Retype word for word the stretch of entries below from the line that has "Vali nhựa PC" through the line that has "Colorful Rottweiler Dog Painting by Rebecca Wang Colorful", and omit the pictures.

* [Provided records]:
○ ○ ○

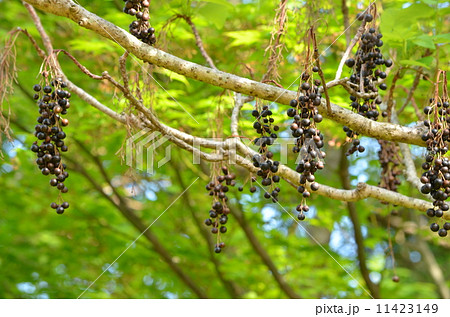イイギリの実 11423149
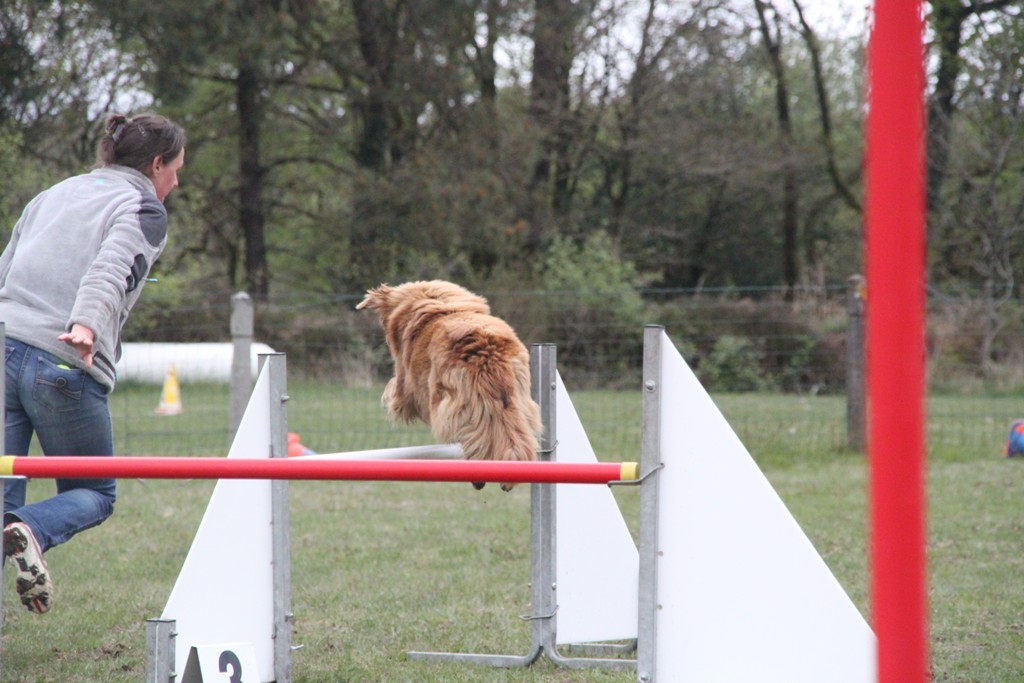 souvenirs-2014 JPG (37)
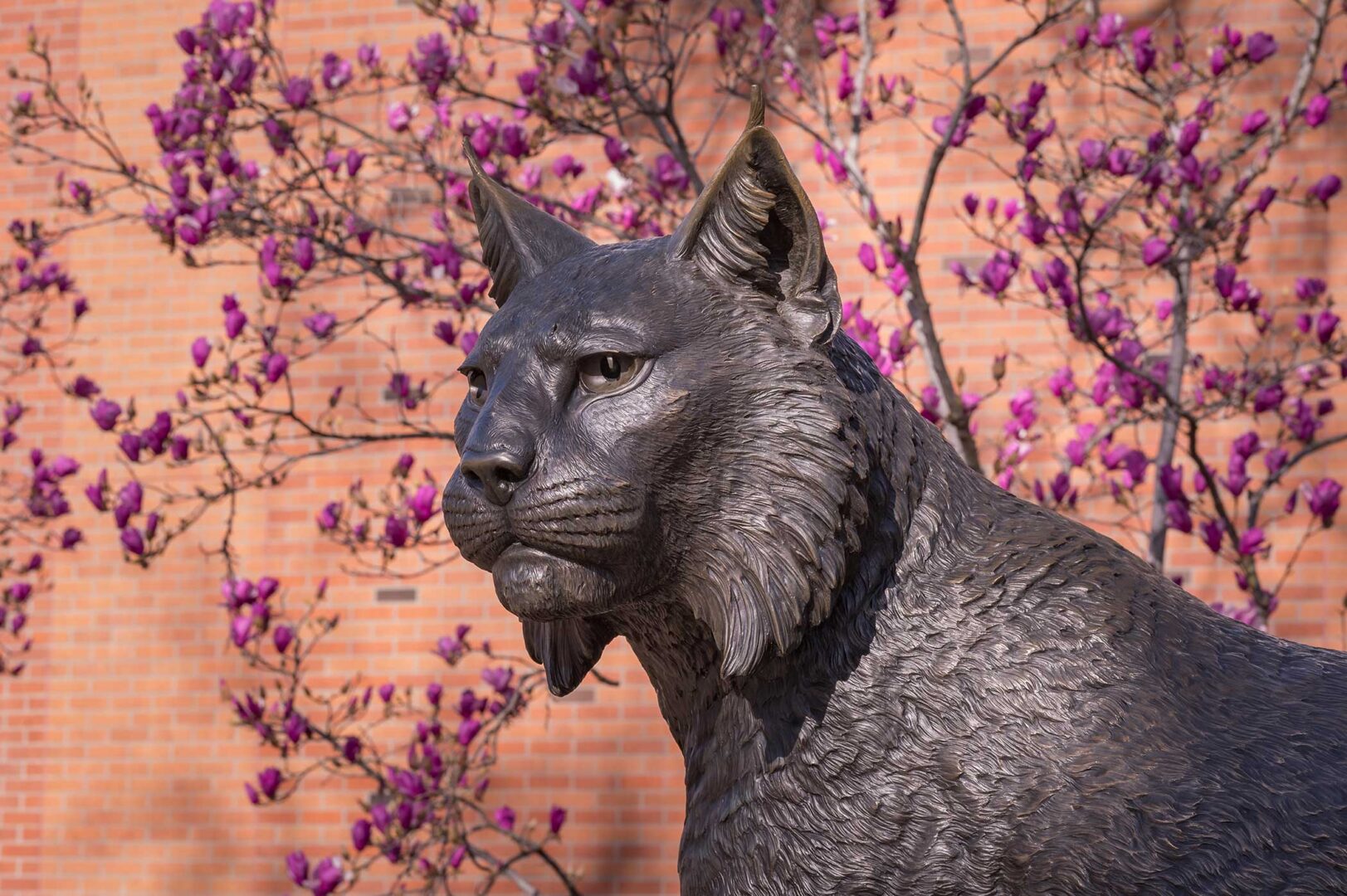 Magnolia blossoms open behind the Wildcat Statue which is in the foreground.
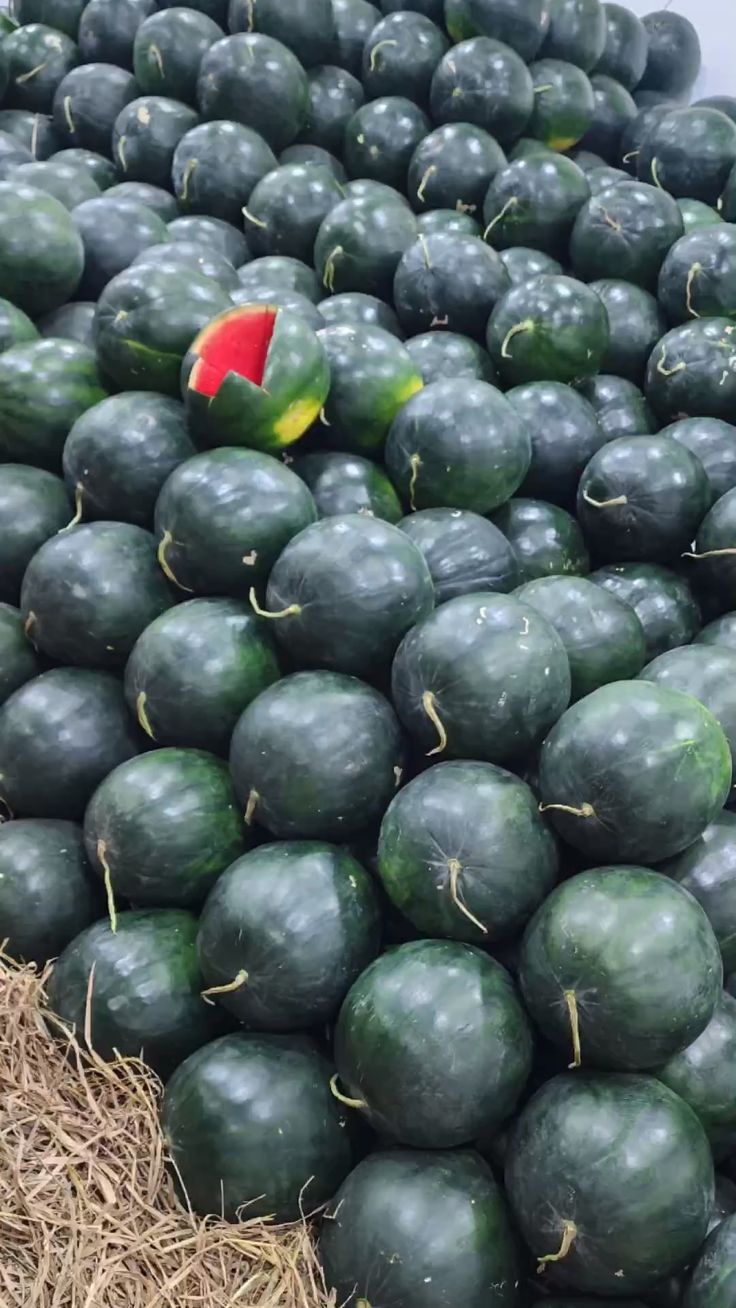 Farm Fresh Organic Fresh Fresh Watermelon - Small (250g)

○ ○ ○

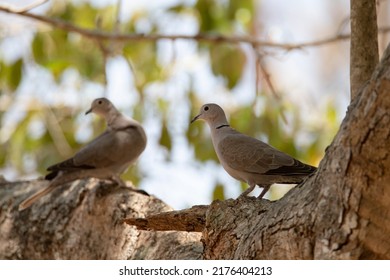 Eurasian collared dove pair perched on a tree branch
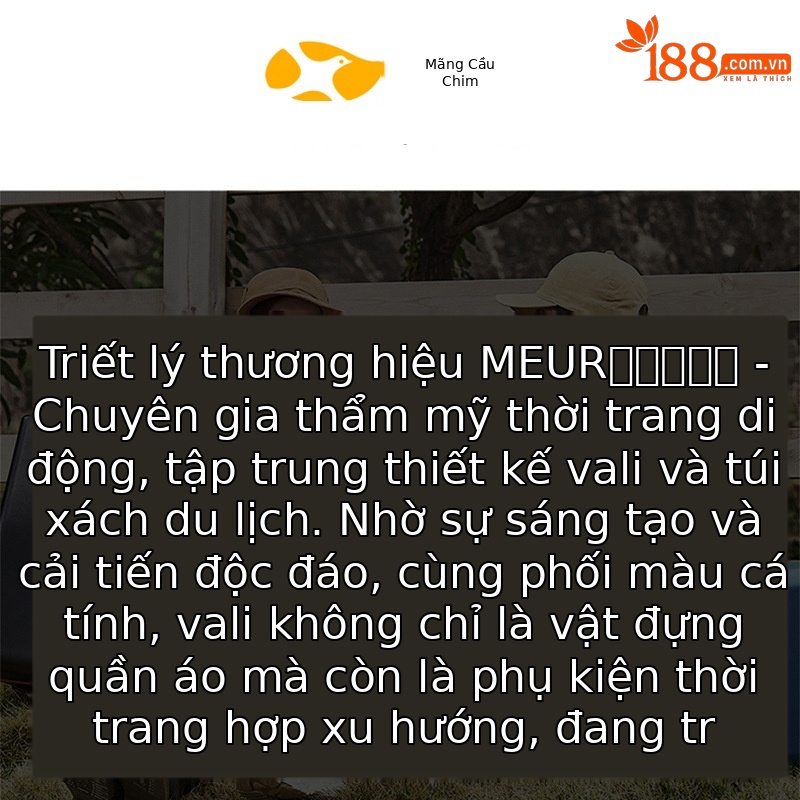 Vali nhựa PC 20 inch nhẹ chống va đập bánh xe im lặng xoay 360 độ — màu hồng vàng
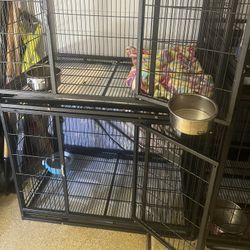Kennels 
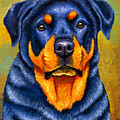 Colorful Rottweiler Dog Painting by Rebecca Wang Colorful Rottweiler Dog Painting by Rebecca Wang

○ ○ ○

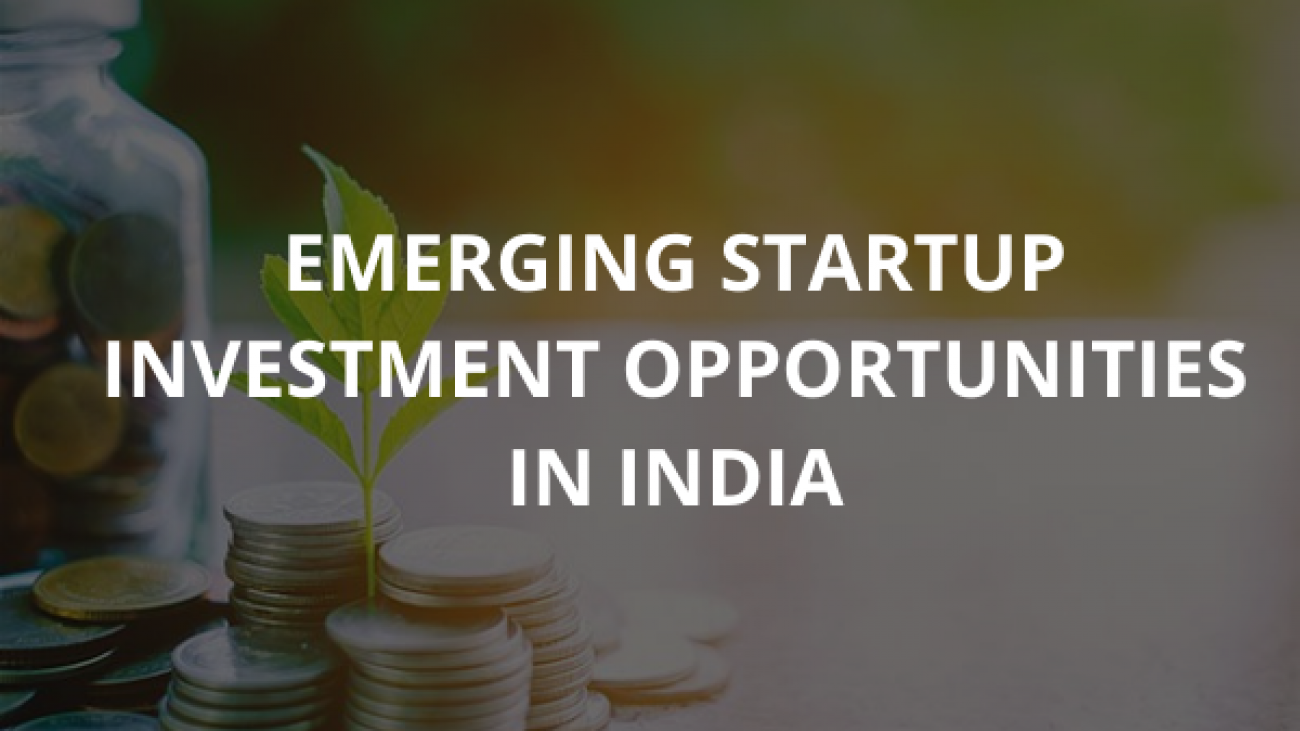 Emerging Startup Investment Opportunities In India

○ ○ ○

* [Result for this exercise]:
 Vali nhựa PC 20 inch nhẹ chống va đập bánh xe im lặng xoay 360 độ — màu hồng vàng
Kennels 
 Colorful Rottweiler Dog Painting by Rebecca Wang Colorful Rottweiler Dog Painting by Rebecca Wang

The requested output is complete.